After the low ratings and cancellation of Dennis Kelly’s excellent series Utopia last year, sci-fi fans could have been forgiven for thinking that UK television was no place for their genre, and that homegrown drama would continue to be confined to the realms of period drama, detective stories and kitchen-sink realism.
Fast forward a few months and we have Humans, a series full of robots and classic sci-fi ideas about artificial consciousness that has done more than just survive on the same channel where Utopia drowned – it’s thrived.
Not only has Humans been popular enough to be granted another series, it’s become Channel 4’s most successful drama of all time and the second most popular British sci-fi series after Doctor Who. We didn’t predict that when we first heard that Merlin was going to be in a show with Jen from the IT Crowd.

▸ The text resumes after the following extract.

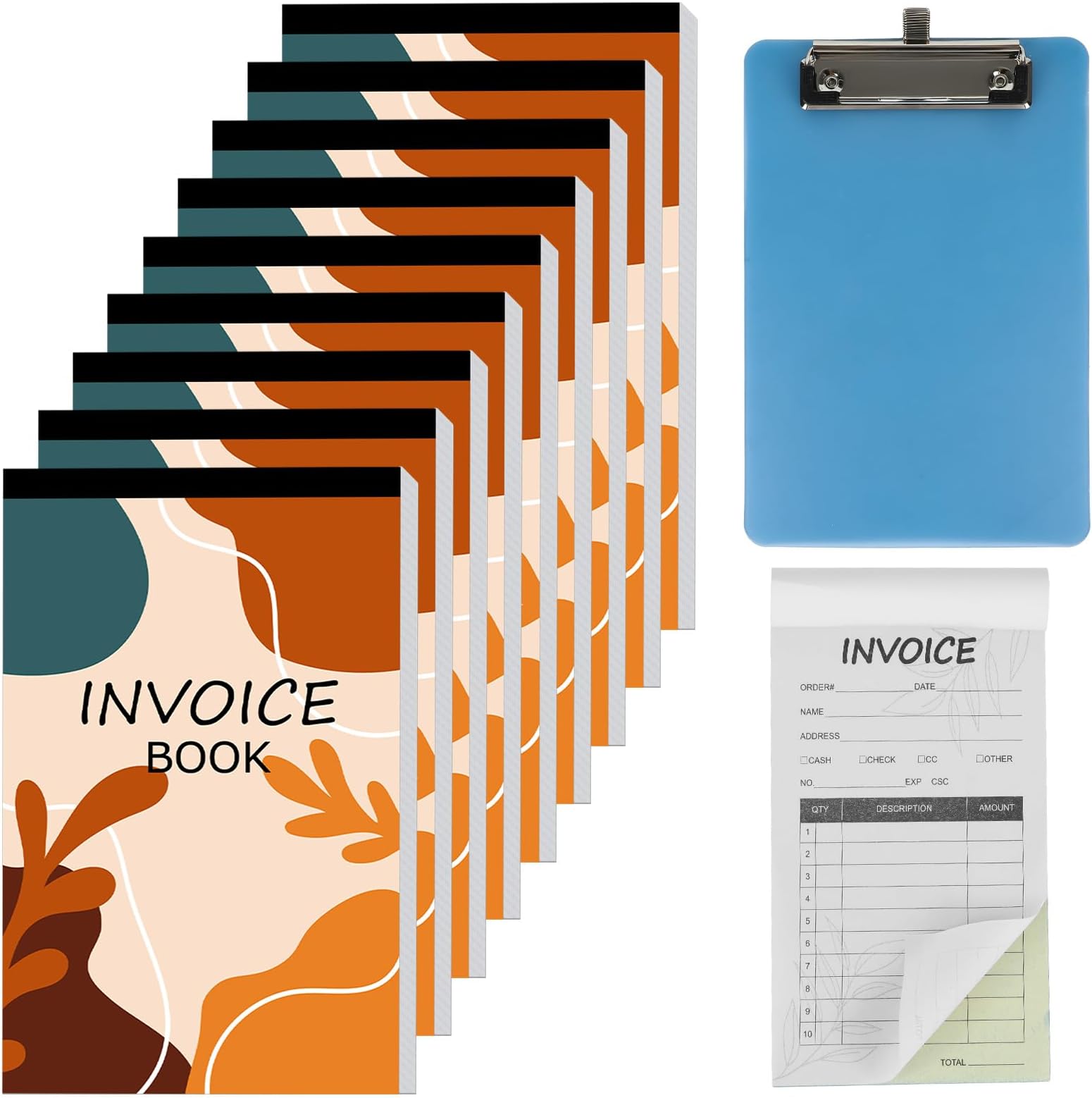 10 Pack Boho Invoice Book for Small Businesses 2 Part Carbonless Sales Invoice Books 50 Sets Per Book Aesthetic and Easy to Use Receipt Pad Business Supplies with Easy Tear-Out 5.5 x 3.3 in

So it’s a surprise success and a deserved one. There have been better series (have I mentioned Utopia?) that deserved it more, yet Humans certainly has some interesting ideas and stylistic flourishes that have captured the public imagination. But it wasn’t perfect. Scanning…
Over the course of eight episodes, Humans has skillfully woven several threads of storyline into an intriguing overarching plot, all working around a central idea – what if we had robots like we do iPhones, basically – that’s both evocative and easy to get your head around.
We started out meeting the characters in isolation, but whether it was Colin Morgan’s mysterious loner Leo, Katherine Parkinson’s harried synth-wary mum Laura or William Hurt’s grumpily tragic George, all their storylines were interesting and with something to say about our own world through analogy. Just what good sci-fi’s supposed to do.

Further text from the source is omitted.